1. Field of the Invention
The present invention relates in general to the manufacture of a field-effect transistor epitaxial structure. More particularly, the present invention relates to a novel material system and epitaxial structure for a modulation-doped field-effect transistor (MODFET) or lattice-matched and pseudomorphic high electron mobility transistors (HEMTs and pHEMTs).
2. Description of the Related Art
A MODFET is a field-effect semiconductor transistor designed to allow electron flow to occur in an undoped channel layer so that the electron mobility is not limited by impurity scattering. MODFETs are used in a variety of electronic devices such as solid-state power amplifiers, low-noise amplifiers as well as satellite receivers and transmitters, advanced radar and fiber-optics operating in microwave and millimeter wave systems.
A conventional MODFET includes a GaAs substrate, a buffer layer, a channel layer, a spacer layer, a donor layer, a barrier layer (also known as a Schottky layer) and a cap layer formed on the substrate. The barrier layer may be doped to function as both the Schottky barrier layer as well as the donor layer. The spacer, donor and barrier layers are typically formed of a wide bandgap semiconductor material such as aluminum gallium arsenide (AlGaAs). The channel and cap layers are formed of a narrow bandgap semiconductor material such as gallium arsenide (GaAs) or gallium indium arsenide (GaInAs).

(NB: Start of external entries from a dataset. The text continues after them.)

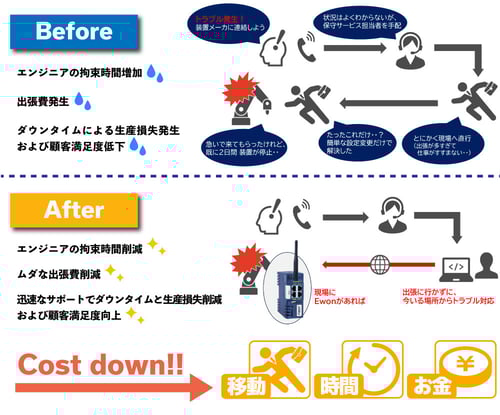 リモートアクセスNo.1「Ewon Cosy+」でエンジニアの業務効率改善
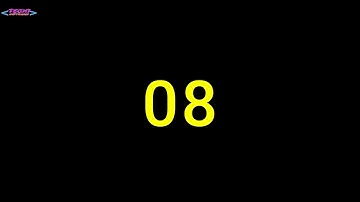 Top 10 Best Blog CMS Websites & Platforms in 2022 | Blog Websites & Platforms | Techi Softwares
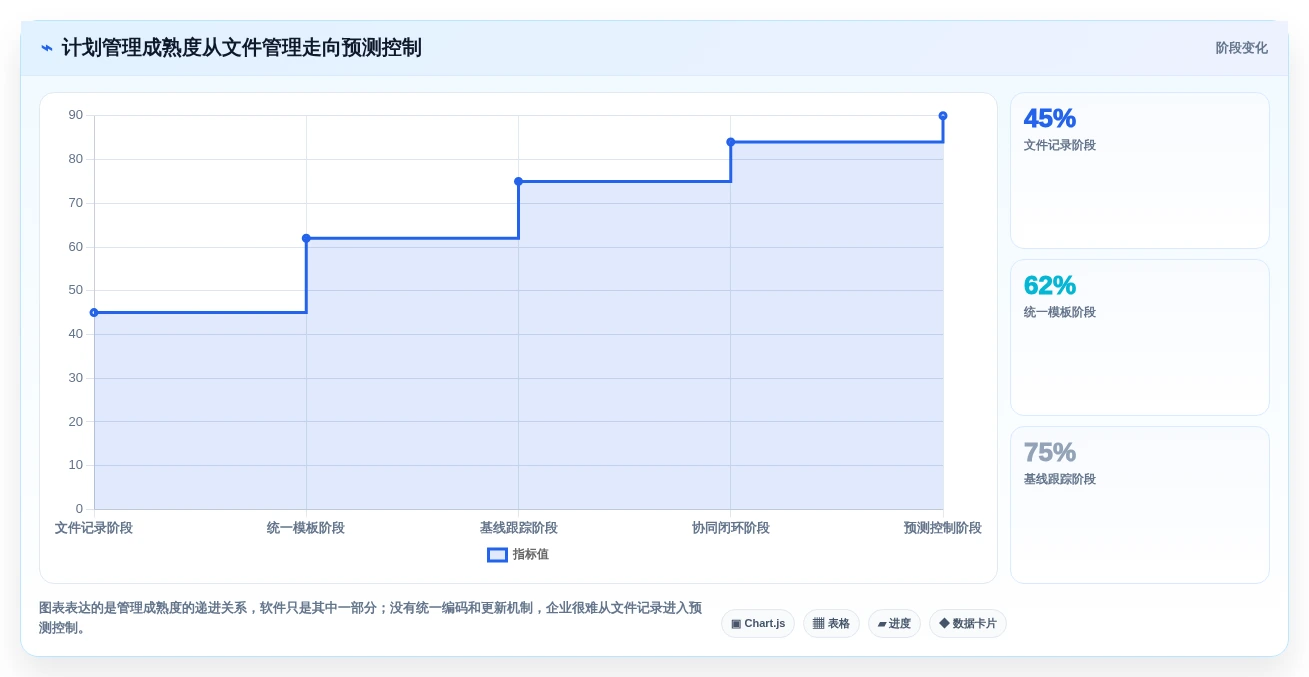 提升项目效率!7款热门品茗网络计划编制软件v4014224深度评测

A lattice-matched high electron mobility transistor (HEMT) is a type of MODFET, having a narrow-gap semiconductor material lattice-matched to the wide-gap semiconductor material. A pseudomorphic high electron mobility transistor (pHEMT) is another type of MODFET in which the narrow-gap semiconductor material is not lattice-matched to the wide-gap semiconductor material. For example, a conventional pHEMT based on the Al.sub.a Ga.sub.1-a As/Ga.sub.x In.sub.1-x As material system has a typical profile employing a=0.3 in the donor layer and x=0.2 in the channel layer.
In these devices, discontinuity in the energy gaps between the wide-gap semiconductor donor layer and the narrow-gap semiconductor channel layer causes electrons to remain in the channel layer, but very close to the heterojunction because of the electrostatic attraction from the donor atoms. Conduction of electrons therefore takes place in an undoped channel layer so that the electron mobility is not limited by impurity scattering.
Manufacturers have attempted to create HEMT devices having a channel layer with a large sheet charge density which result in devices with higher current-carrying capabilities. Increasing the conduction band discontinuity (.DELTA.Ec) between the donor layer and the channel layer increases the sheet charge concentration in the channel layer of a conventional pHEMT based on the Al.sub.a Ga.sub.1-a As/Ga.sub.x In.sub.1-x As material system. However, increasing the Al percentage compromises the reliability of the device. In addition, a high-Al AlGaAs can also be chemically unstable.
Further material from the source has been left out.